At this point I did what I should have done in the first place and did some reading about colourwork (and asked about a bit among the knitting cognoscenti) and realised that bamboo was a silly thing to chose and I really needed something that would stick together more, like wool. So I considered chucking the whole thing in the bin, but P kept asking "is my jumper finished yet", so I didn't. Then I considered just doing the whole thing in duplicate stitch, which would probably have been better on the whole, but I refused to be beaten. So I replanned everything yet again to leave the smallest possible number of stitches between the two ends of the train, and set myself to learn to hold the two colours one in each hand, and that seemed to work better. And I finally got going in earnest. For about 15 minutes three times a week, because that's about how much time I get to knit these days.

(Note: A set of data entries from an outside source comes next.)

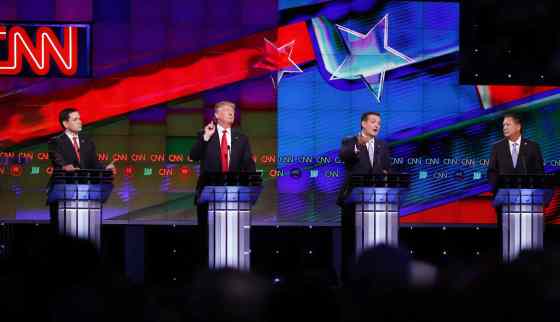 WILFREDO LEE / The ASSOCIATED PRESSRepublican presidential candidate, Sen. Ted Cruz, R-Texas, speaks, as Republican presidential candidates, Sen. Marco Rubio, R-Fla., left, and businessman Donald Trump attempt to interrupt, during the Republican presidential debate on Thursday.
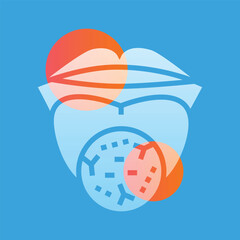 Oral microflora glassmorphism illustration.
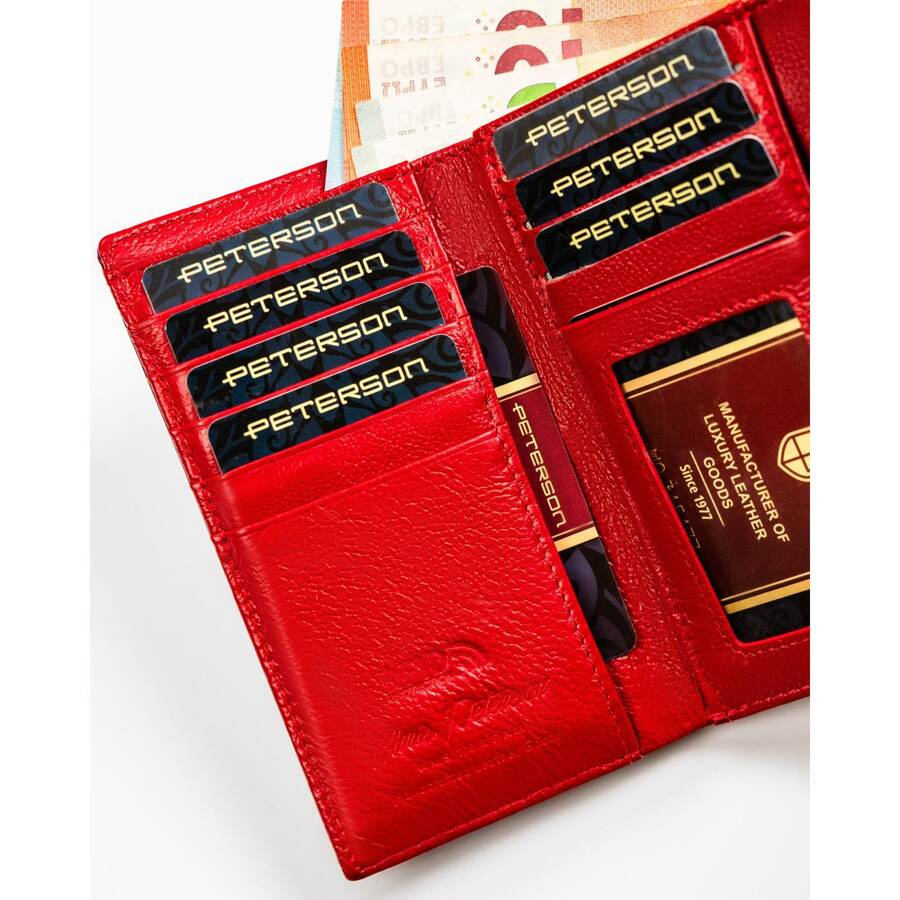 Portfel damski z wieloma przegródkami czerwony - Peterson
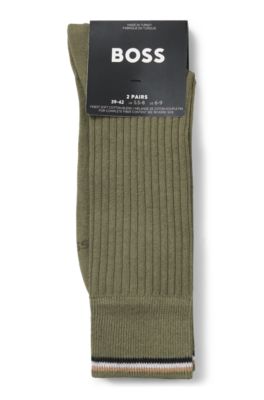 Two-pack of regular-length cotton-blend socks, Green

And now at long last, after more delays while I worked out how to shape the arm holes, and the neck, and how to do the ribbing on the neck, and how to unpick it and do it again differently because P couldn't get his head through, and whether or not I should sew buttons on for the wheels* - finally, they're finished. Just in time for the coolish autumn weather. And they must have, ooh, all of three weeks' wear left in them before they'll be too small. Still, gives them less time to rip, stain, and generally ruin them I suppose.